Por: Isabelle Gerretsen | Crédito Foto: Steffen Olsen/Blue Action. Foi tirada pelo cientista climático Steffen Olsen em junho de 2019

Em junho de 2019, uma imagem impressionante de cães da raça husky siberiano viralizou rapidamente e assombrou o mundo. Ela mostrava os animais aparentemente andando sobre a água na Groenlândia.

A foto foi tirada pelo cientista climático Steffen Olsen, do Instituto Meteorológico Dinamarquês. Ele é o líder do projeto europeu Blue Action, que pesquisa os efeitos das mudanças no Ártico sobre o clima do planeta.

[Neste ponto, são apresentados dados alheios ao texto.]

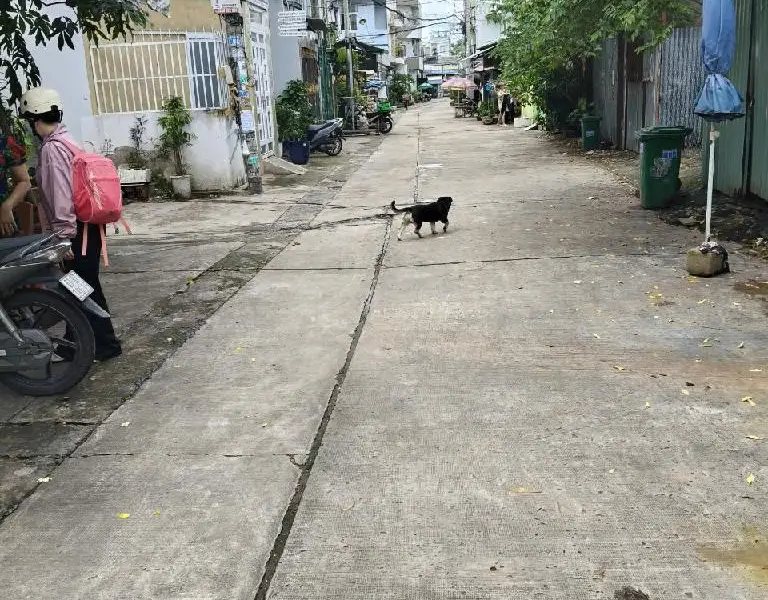 Bán nhà riêng 4 tầng phường Bình Trị Đông quận Bình Tân, sổ vuông diện tích 78.9 m2... Bán nhà riêng tại Bình Trị Đông, Hồ Chí Minh 01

“A reação me surpreendeu”, ele conta. “Eu me surpreendi ao ver que tantas pessoas achavam bonita aquela foto. Eu a vi como uma situação assustadora.”

Os cachorros, na verdade, estavam caminhando em meio a uma camada de água derretida, da altura de um tornozelo humano, sobre o gelo marinho em Inglefield Bredning, um sistema de 80 km de comprimento no noroeste da Groenlândia.

“Aprendi a ver a foto como uma ilusão”, conta Olsen. “As pessoas não veem o gelo marinho, mas os cães andando sobre a água.”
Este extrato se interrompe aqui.